Patterns of Conversion
The successive waves of Muslim armies penetrating into India followed much the same pattern. Leaders such as Mahmud of Ghazni and Muhammad Tughluq expanded Muslim political domains without altering the religious or social fabric of Indian society.
Because pre-Islamic India was entirely based on a caste system in which society was broken into separate parts, conversion to Islam happened in a step-by-step process. Often, entire castes would convert to Islam at a time. This would happen for many different reasons. Often, however, the equality Islam provided was more attractive than the caste system's organized racism. In the caste system, who you are born to determines your position in society. There was no opportunity for social mobility or to achieve greater than what your parents achieved. By converting to Islam, people had the opportunity to move up in society, and no longer were subservient to the Brahman caste.
The Jama Masjid in Delhi, India
Buddhism, which was once very popular in the subcontinent, slowly died out under Muslim rule. Traditionally, when people wanted to escape the caste system, they would move to the major population centers and convert to Buddhism. When Islam became an option, however, people began to convert to Islam instead of Buddhism, while still leaving the caste system. The myths of Islam violently destroying Buddhism in India are simply false. Buddhists were tolerated under Muslim rule and no evidence exists that shows forced conversions or violence against them.
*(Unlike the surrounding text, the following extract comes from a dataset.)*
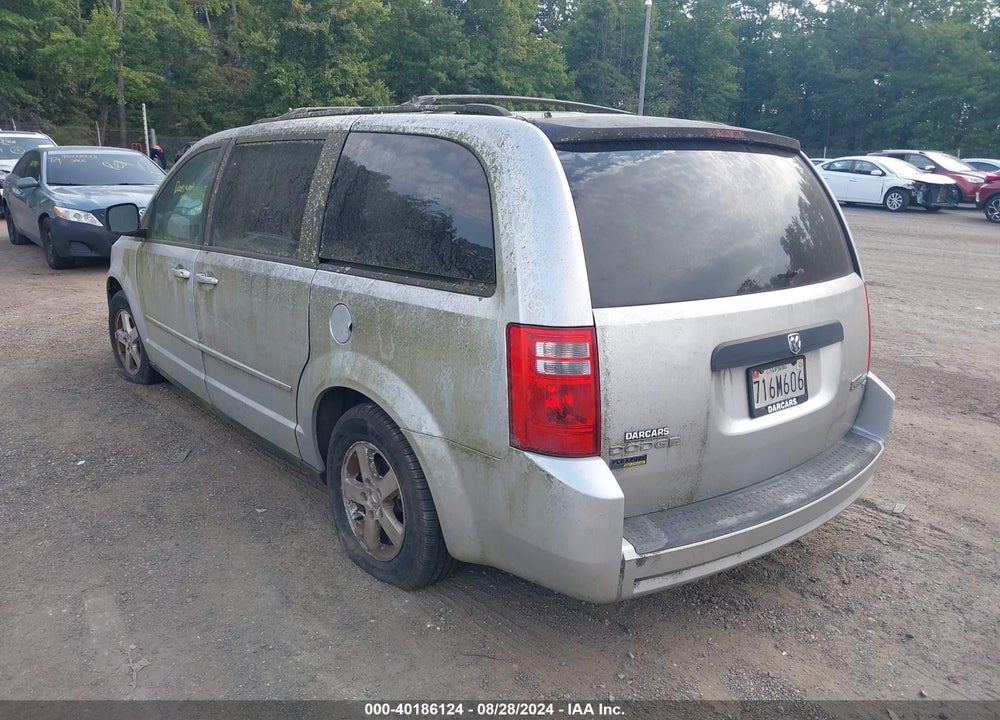 2010 DODGE GRAND CARAVAN SE VIN: 2D4RN4DE1AR144754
Wandering teachers also had a major role in bringing Islam to the masses. Muslim scholars traveled throughout India, making it their goal to educate people about Islam. Many of them preached Sufi ideas, a more mystical approach to Islam that appealed to the people. These teachers had a major role in bringing Islam to the masses in the countryside, not just the upper classes around the Muslim rulers.
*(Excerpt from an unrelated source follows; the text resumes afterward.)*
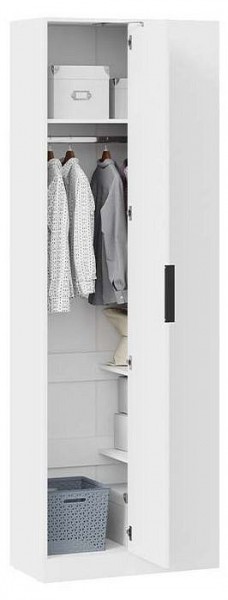 Шкаф платяной Агата в Ноябрьске - noyabrsk.mebel24.online | фото 3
Did Islam Spread by Force?
While some claim that Islam's huge population in India is a result of violence and forced conversion, the evidence does not back up this idea at all. Although Muslim leaders replaced Hindu kings in most areas, society was left as is. Stories of forced conversion are very few and often not credible enough to warrant academic discussion.
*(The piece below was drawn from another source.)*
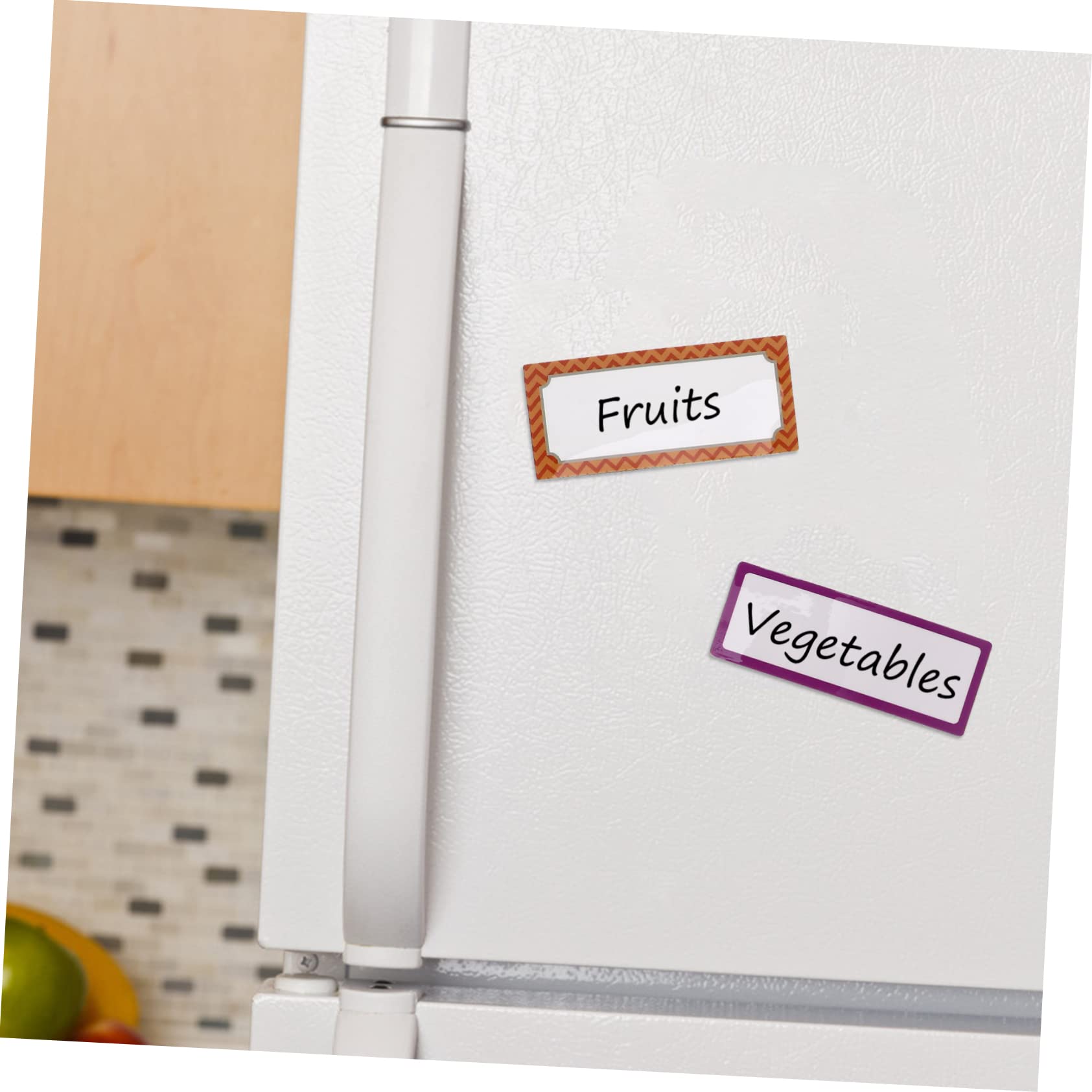 Uonlytech 5 Sätze Magnetische Namensschilder Teiliges Set Beschreibbare Und Abwischbare Etiketten Für Schule Büro Und Küche Für Whiteboard Und Kühlschrank Vielseitig Einsetzbar 16 Stück * 5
If Islam spread through violence and warfare, the Muslim community today in India would exist only in the areas closest to the rest of the Muslim world. Thus only the western part of the subcontinent would have any Muslim population at all. What we see instead is pockets of Islam throughout the subcontinent. For example, Bangladesh and its 150 million Muslims are in the far east, separated from other Muslim-majority areas by Hindu lands in India. Isolated communities of Muslims exist also exist in western Myanmar, central India, and eastern Sri Lanka. These communities of Muslims are proof of Islam spreading peacefully throughout India, regardless of whether or not a Muslim government existed there. If Islam spread by force as some claim, these communities of Muslims would not exist.
Islam is an integral part of India and its history. As the Indian subcontinent remains today a multi-ethnic and multi-religious place, it is important to understand the position Islam has in the region. The political claims that some making regarding Islam as if it is an invading religion and foriegn to the people of India need to be defied with the truth of Islam's peaceful spread throughout India.